*** Opening Exercise inputs ***
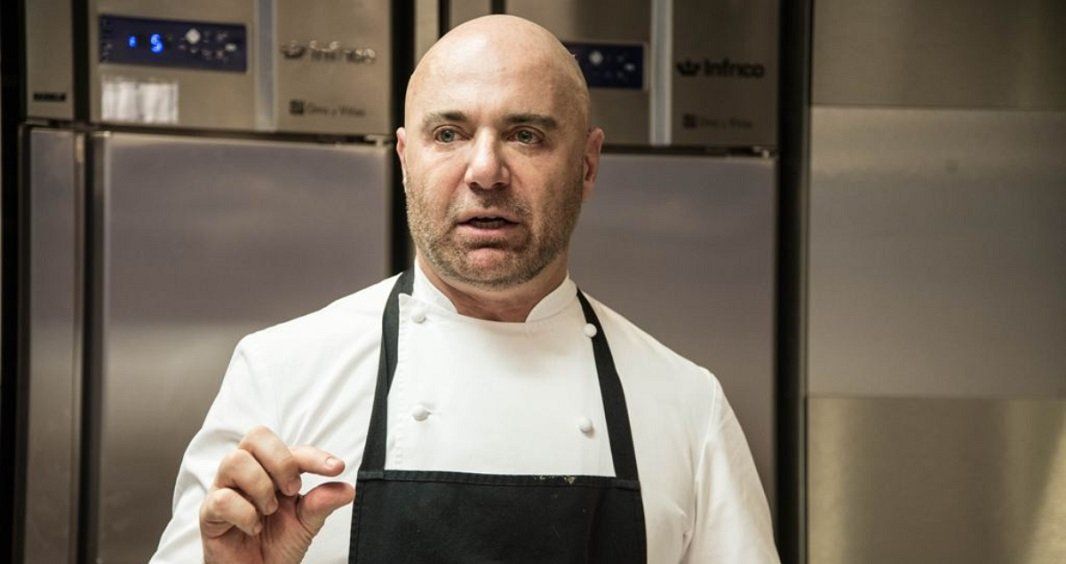 Más cambios en MasterChef Celebrity: sale por unos días Germán Martitegui y entra Dolli Irigoyen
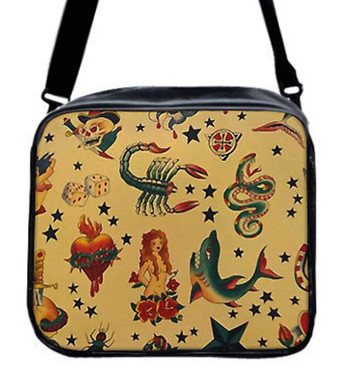 LSOP 1150 SKULLS TATTOO 101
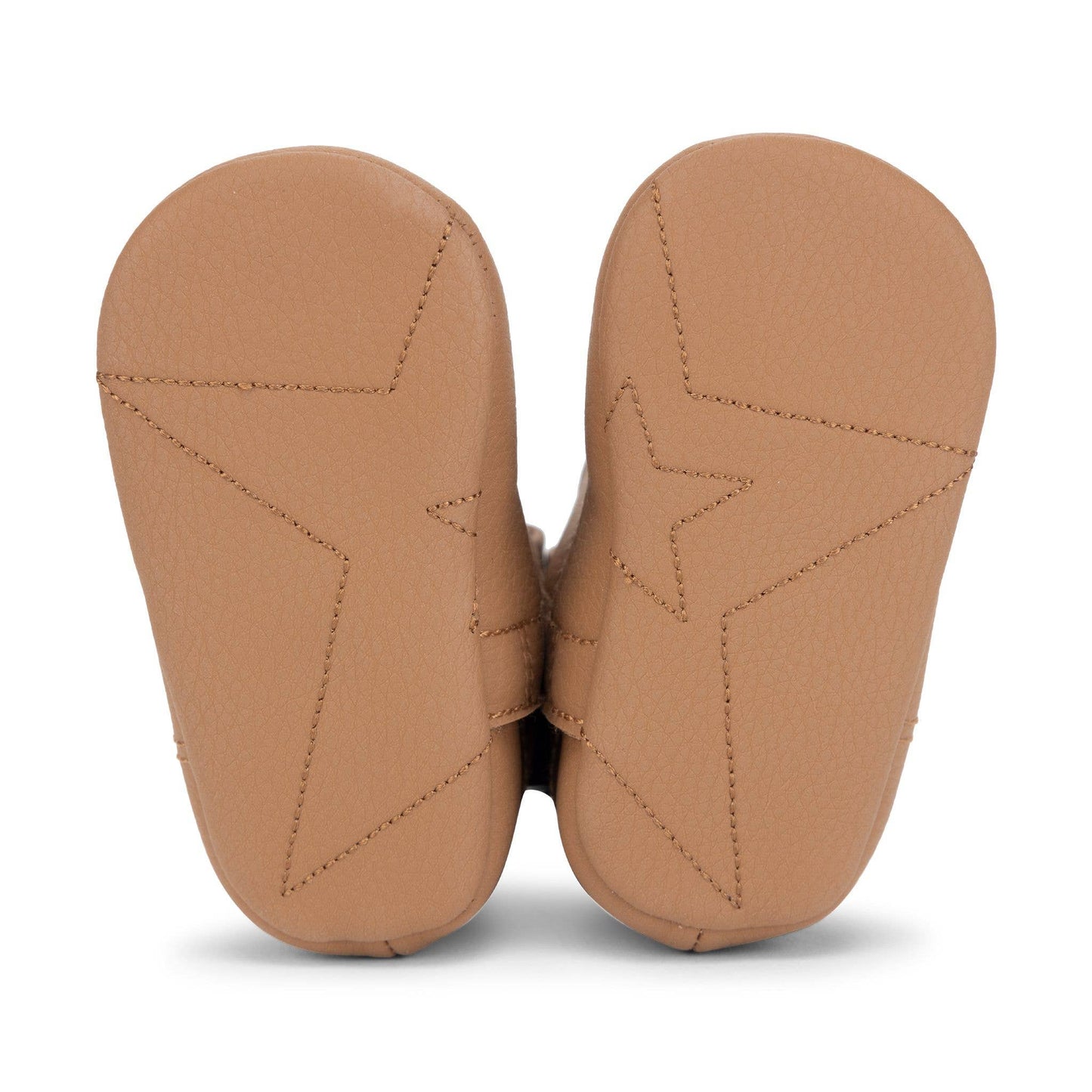 Eco Steps - Western Boot Brulee Brown: 6-9M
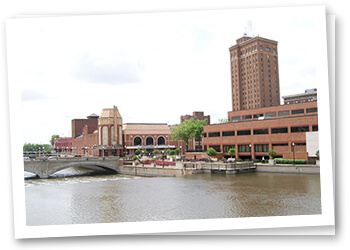 Soapy Days in the Sun at Fox River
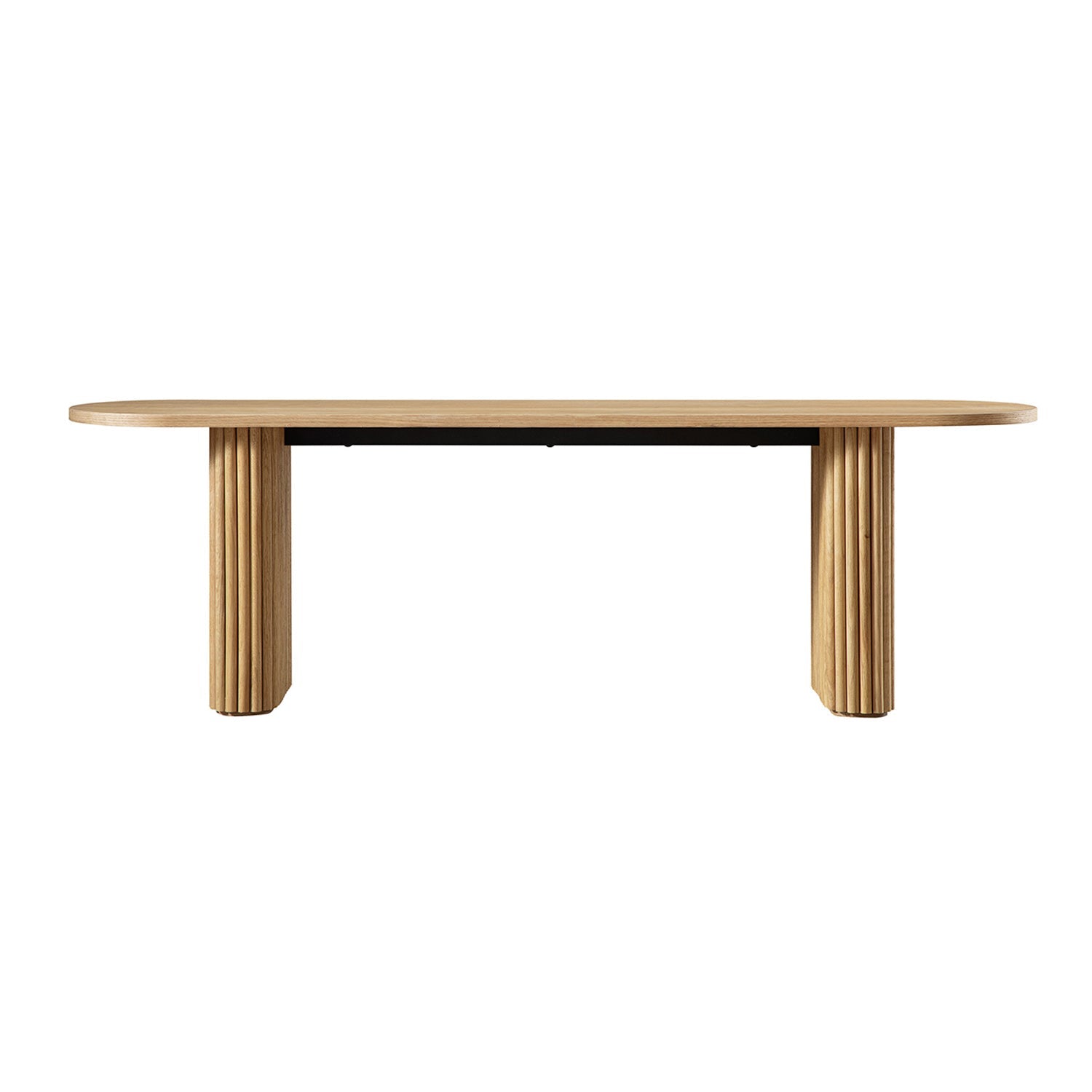 Maru 150cm Dining Bench, Oak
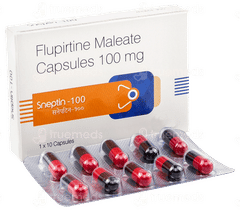 Sneptin 100 Capsule 10 Sneptin 100 Capsule 10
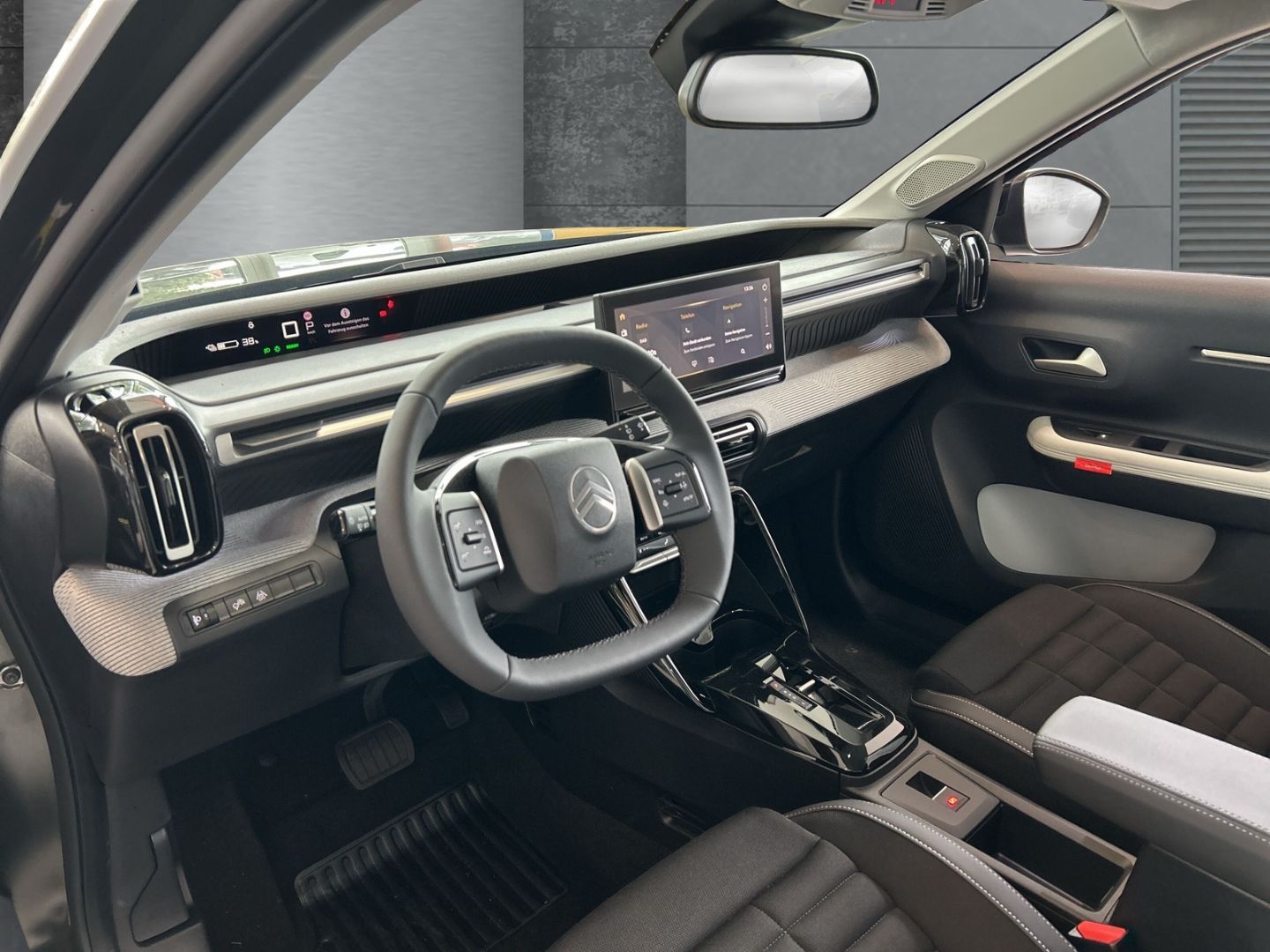Citroën ë-C3 Aircross - Bild 7
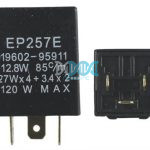 Flasher Unit Isuzu 3P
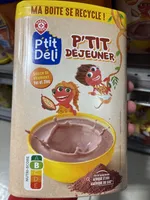 P'tit Déjeuner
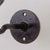 1950s Spanish Iron Flower Wall Hook For Sale - Image 11 of 11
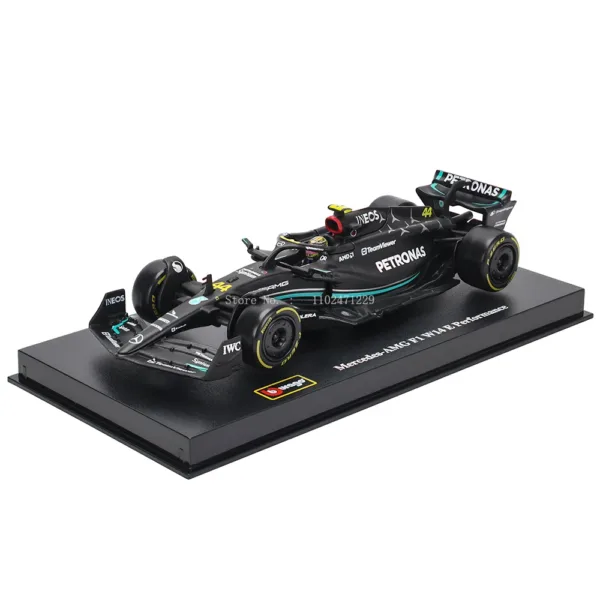 Bburago 1:43 Mercedes-AMG F1 Diecast Model - Image 3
*** Closing Exercise inputs ***
● **Work item**:
Repeat exactly the lines in the entries from the one containing "P'tit Déjeuner" to the final line, inclusive, and nothing beyond them; skip pictures.

● **Solution to this problem**:
 P'tit Déjeuner
 1950s Spanish Iron Flower Wall Hook For Sale - Image 11 of 11
 Bburago 1:43 Mercedes-AMG F1 Diecast Model - Image 3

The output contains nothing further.